Exercise ->
When you reach the line containing "2024-02-10-02.38.39 ZS PMax_openWith.jpg" in the records below, start copying exactly, and stop once you have copied the line containing "Landscapes summer in village next to lake".

Dataset content ->
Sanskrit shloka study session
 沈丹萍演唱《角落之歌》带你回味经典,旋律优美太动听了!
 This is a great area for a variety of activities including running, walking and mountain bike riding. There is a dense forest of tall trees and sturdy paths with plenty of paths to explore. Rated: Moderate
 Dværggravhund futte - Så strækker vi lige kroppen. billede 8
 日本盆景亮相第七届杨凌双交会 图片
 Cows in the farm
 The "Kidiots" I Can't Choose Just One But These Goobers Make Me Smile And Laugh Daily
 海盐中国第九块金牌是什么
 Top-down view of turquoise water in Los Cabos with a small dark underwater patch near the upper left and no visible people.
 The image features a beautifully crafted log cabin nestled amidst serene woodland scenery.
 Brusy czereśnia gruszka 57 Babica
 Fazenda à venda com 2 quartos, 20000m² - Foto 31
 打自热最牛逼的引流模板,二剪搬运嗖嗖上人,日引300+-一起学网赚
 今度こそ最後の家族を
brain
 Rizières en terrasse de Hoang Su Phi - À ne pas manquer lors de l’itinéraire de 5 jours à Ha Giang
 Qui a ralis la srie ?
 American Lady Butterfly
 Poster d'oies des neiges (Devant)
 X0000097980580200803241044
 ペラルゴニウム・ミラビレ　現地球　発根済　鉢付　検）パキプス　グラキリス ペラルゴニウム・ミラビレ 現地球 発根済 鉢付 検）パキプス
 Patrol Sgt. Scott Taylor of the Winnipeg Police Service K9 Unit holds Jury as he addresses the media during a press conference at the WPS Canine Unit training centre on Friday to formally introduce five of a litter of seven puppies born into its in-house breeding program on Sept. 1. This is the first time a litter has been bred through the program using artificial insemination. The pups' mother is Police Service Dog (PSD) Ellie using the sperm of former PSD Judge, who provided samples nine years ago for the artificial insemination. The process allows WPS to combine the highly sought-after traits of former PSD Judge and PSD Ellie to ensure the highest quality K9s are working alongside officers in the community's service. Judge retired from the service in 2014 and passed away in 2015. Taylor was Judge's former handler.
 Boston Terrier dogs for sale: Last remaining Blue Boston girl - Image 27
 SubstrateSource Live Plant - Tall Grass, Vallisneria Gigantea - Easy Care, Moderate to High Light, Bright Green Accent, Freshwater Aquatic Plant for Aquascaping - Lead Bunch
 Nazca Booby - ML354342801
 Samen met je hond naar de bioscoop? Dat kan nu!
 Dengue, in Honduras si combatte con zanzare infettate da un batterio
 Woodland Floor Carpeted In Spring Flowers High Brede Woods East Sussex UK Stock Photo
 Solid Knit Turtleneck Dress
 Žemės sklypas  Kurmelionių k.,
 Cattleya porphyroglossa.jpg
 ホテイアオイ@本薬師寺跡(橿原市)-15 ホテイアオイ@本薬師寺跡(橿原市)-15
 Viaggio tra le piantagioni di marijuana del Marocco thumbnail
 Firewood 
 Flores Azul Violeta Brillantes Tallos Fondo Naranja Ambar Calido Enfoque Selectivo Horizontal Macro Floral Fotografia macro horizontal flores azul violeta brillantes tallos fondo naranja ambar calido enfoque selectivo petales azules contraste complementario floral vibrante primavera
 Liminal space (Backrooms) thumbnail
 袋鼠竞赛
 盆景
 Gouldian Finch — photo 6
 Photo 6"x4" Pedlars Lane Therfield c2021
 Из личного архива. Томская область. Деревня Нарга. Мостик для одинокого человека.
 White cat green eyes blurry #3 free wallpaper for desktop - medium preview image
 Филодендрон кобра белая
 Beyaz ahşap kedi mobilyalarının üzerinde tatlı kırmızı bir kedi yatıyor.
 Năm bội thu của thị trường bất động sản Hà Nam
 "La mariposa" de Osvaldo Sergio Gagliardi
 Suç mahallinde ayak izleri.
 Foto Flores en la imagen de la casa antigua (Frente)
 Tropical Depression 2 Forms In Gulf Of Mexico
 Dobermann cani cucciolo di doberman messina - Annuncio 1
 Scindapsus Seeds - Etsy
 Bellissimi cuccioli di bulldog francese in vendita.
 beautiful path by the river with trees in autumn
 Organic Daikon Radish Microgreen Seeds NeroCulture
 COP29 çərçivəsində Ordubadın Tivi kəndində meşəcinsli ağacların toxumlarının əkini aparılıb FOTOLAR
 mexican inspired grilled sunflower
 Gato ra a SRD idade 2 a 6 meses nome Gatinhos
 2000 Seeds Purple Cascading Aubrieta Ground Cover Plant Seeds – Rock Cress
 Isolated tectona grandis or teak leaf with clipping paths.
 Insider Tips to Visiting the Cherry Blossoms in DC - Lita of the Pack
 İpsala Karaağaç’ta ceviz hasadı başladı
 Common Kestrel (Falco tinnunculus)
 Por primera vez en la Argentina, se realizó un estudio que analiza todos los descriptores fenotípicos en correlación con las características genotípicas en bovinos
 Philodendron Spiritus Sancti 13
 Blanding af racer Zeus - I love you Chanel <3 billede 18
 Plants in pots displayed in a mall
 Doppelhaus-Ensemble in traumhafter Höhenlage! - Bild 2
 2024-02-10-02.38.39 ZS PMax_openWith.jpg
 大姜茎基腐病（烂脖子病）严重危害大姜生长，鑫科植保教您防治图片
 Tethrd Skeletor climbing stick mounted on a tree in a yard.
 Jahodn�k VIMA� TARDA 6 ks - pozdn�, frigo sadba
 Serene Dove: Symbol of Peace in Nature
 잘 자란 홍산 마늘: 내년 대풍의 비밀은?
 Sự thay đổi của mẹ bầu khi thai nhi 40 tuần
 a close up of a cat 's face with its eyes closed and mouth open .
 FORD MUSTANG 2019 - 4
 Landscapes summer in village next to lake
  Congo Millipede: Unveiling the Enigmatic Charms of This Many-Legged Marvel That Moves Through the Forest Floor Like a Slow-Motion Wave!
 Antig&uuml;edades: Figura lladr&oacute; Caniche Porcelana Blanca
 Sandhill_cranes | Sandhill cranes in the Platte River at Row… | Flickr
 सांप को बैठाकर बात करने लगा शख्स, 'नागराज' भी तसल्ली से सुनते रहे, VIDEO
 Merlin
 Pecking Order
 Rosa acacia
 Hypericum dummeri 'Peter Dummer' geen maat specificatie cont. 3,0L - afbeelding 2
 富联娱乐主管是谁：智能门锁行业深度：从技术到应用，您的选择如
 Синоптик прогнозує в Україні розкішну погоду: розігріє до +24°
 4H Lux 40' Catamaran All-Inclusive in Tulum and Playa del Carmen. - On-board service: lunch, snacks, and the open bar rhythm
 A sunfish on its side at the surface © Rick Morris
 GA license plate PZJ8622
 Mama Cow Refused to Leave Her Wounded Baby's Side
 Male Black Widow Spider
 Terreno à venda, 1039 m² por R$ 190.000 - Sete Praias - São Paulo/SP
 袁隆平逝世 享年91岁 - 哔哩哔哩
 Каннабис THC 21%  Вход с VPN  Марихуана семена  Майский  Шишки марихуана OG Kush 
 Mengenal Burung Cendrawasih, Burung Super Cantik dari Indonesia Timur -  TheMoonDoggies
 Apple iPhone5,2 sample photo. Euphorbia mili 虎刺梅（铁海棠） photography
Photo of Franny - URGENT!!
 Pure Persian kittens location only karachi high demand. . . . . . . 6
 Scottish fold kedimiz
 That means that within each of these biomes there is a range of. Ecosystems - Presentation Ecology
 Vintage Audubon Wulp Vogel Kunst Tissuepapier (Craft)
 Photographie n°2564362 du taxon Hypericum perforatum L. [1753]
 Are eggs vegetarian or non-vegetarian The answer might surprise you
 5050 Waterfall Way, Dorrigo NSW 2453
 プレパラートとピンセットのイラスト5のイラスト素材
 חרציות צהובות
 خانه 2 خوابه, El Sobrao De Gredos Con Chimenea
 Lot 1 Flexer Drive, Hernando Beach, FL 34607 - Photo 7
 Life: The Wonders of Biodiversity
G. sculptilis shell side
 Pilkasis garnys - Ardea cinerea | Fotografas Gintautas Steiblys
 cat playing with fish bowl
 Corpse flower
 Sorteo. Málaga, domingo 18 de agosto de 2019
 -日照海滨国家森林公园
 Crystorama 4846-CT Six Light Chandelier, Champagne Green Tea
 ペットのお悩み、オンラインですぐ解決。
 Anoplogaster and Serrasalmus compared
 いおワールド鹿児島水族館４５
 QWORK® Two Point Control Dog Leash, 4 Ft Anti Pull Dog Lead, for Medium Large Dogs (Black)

Solution ->
 2024-02-10-02.38.39 ZS PMax_openWith.jpg
 大姜茎基腐病（烂脖子病）严重危害大姜生长，鑫科植保教您防治图片
 Tethrd Skeletor climbing stick mounted on a tree in a yard.
 Jahodn�k VIMA� TARDA 6 ks - pozdn�, frigo sadba
 Serene Dove: Symbol of Peace in Nature
 잘 자란 홍산 마늘: 내년 대풍의 비밀은?
 Sự thay đổi của mẹ bầu khi thai nhi 40 tuần
 a close up of a cat 's face with its eyes closed and mouth open .
 FORD MUSTANG 2019 - 4
 Landscapes summer in village next to lake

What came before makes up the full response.